Les Chinois peints par eux-mêmes/Orient et Occident

Calmann Levy (p. 262-278).


ORIENT ET OCCIDENT


La plupart des inventions célèbres qui ont changé les civilisations et créé les révolutions dans les idées n’appartiennent généralement pas aux nations qui en sont favorisées.

Il est de fait qu’une idée aussitôt exprimée appartient à l’humanité. On comprend cependant qu’un peuple soit fier de ses découvertes quand elles définissent un progrès.

Les applications diverses de la vapeur et de l’électricité sont de merveilleuses inventions auxquelles ont concouru toutes les nations de l’Occident. Mais il est d’autres découvertes non moins précieuses qui proviennent de sources souvent très lointaines dont on ne peut remonter le cours jusqu’à leur origine.

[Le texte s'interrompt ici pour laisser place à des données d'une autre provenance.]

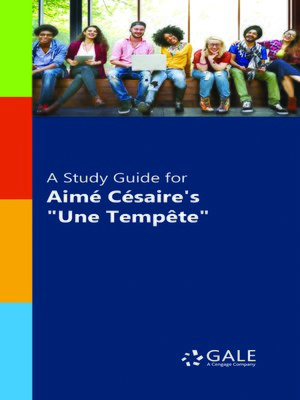 cover image of A Study Guide for Aimé Césaire's "Une Tempête"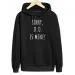 هودي أوفرسايز Exo — إصدار "Signature" — Exo Black Hoodie
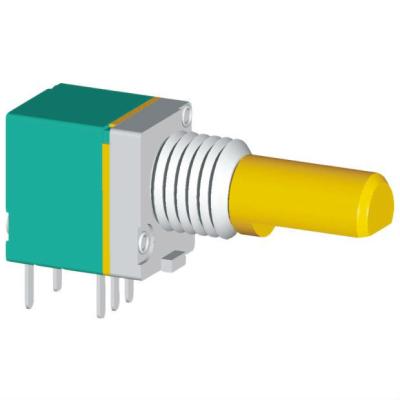 China 8mm rotary metal shaft potentiometer for audio applications for sale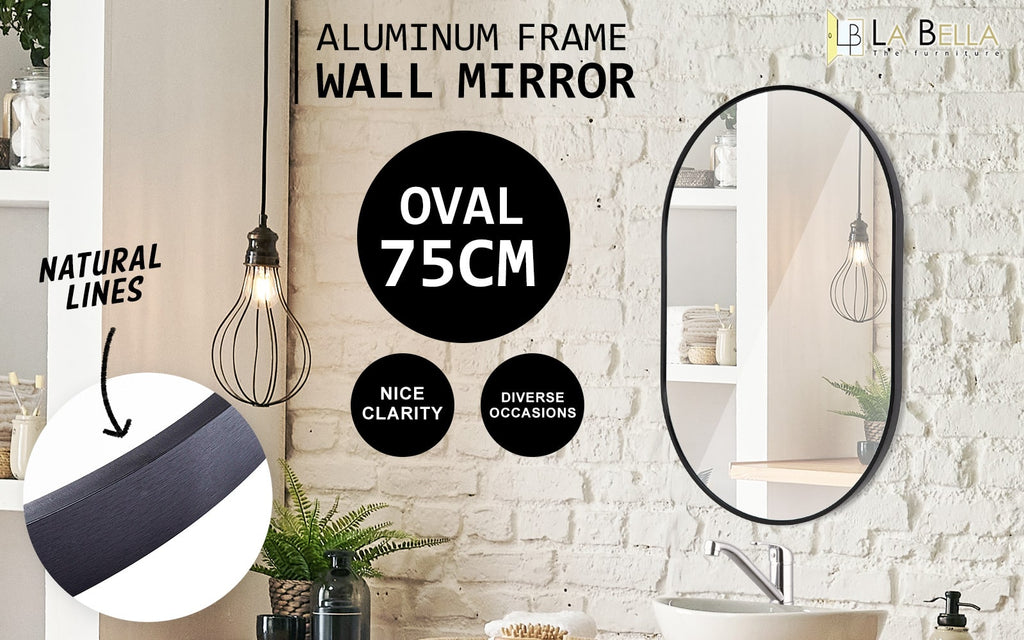 Merillo Oval Black Mirror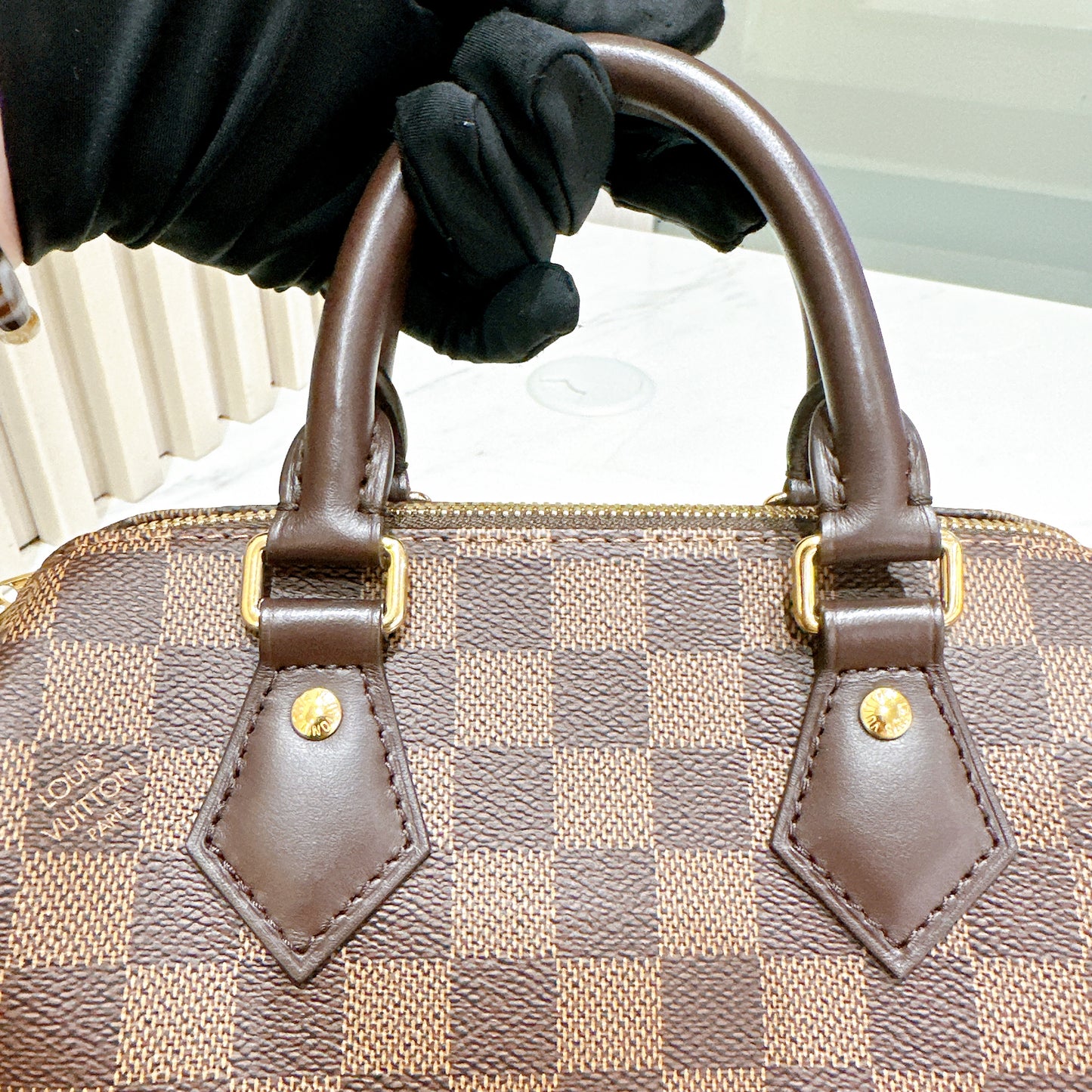 LV Damier Ebene Speedy 20 Bandouliere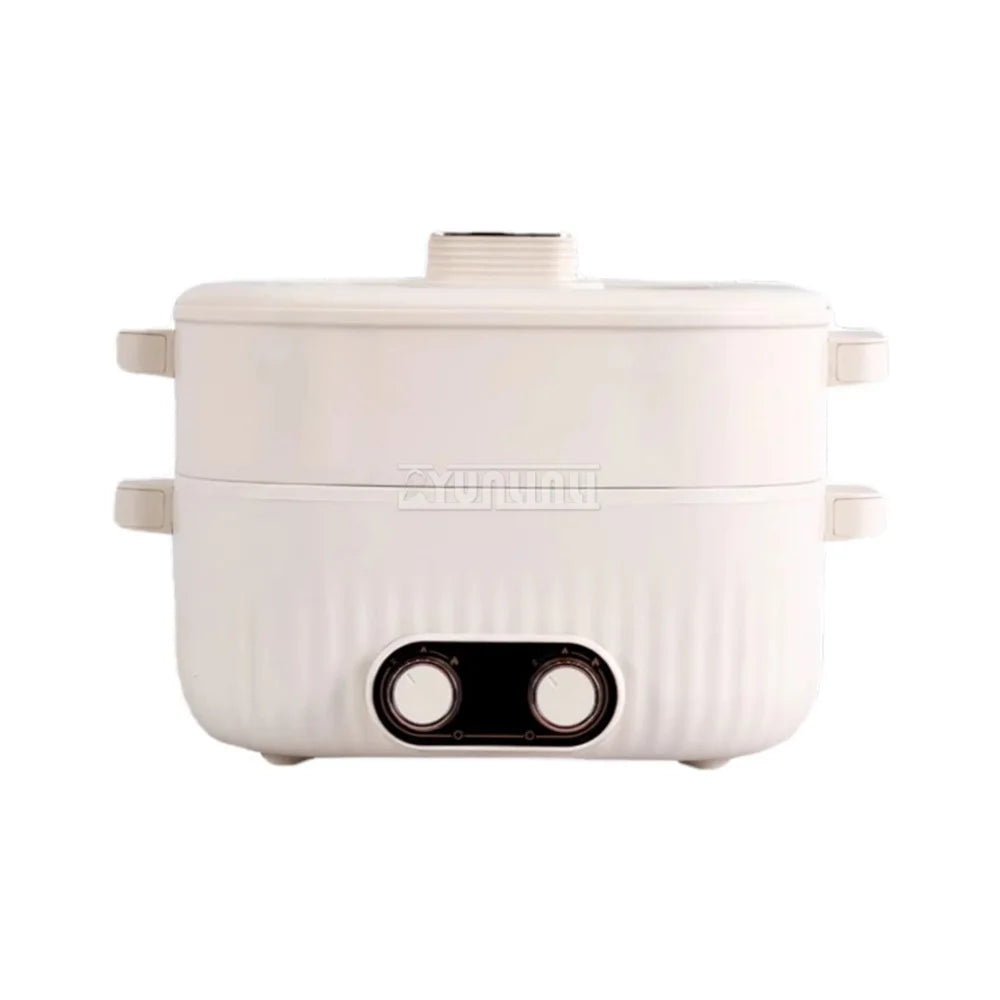 Four-Grid Multifunctional Integrated Hot Pot Electric Caldron Household Large Capacity Electric Chafing Dish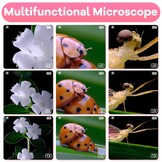 Milgeo Kinder Microscoop Roze - 500x Vergroting & Camera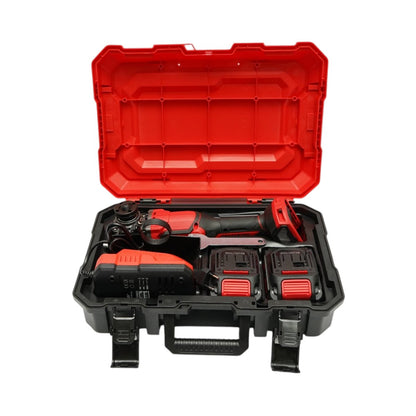 Sarokcsiszoló 1000W 2 db 21V, 4Ah Li-ion akkumulátorral, 125mm korong, brushless, elektromágneses fék, 3 fokozatú fordulatszám 5000/7000/9500rpm Breckner Germany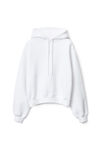 Alexander Wang white 发泡徽标装饰硬挺毛圈布连帽衫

Telles sont les sciences exactes qu’aucun pays de l’Occident ne peut se vanter d’avoir créées ; tels sont les caractères alphabétiques qui ont servi à écrire les sons ; tels sont les beaux-arts qui ont eu leurs chefs-d’œuvre dans l’antiquité la plus reculée ; telles sont aussi les langues modernes elles-mêmes qui doivent leurs radicaux à une commune origine, le sanscrit ; telles sont les propriétés du magnétisme importées de l’Orient et qui ont permis de créer l’art de la navigation ; tels sont les genres littéraires qui tous, sans excepter un seul, ont été créés dans le monde ancien. La poésie et toutes ses formes d’inspiration, depuis l’épopée jusqu’à l’idylle, le drame et la comédie, l’art oratoire, la fable, la métaphysique et toutes ses branches, la législation, la politique et ses nombreuses institutions, sont autant de genres représentés par des chefs-d’œuvre plus de deux mille ans avant le grand siècle de Louis XIV !

Les nations occidentales étaient plongées, il y a au moins six cents ans, dans les ténèbres de l’ignorance. Plusieurs parmi elles n’étaient pas fondées, et telle qui resplendit aujourd’hui de tout l’éclat de la renommée n’était qu’une imperceptible puissance.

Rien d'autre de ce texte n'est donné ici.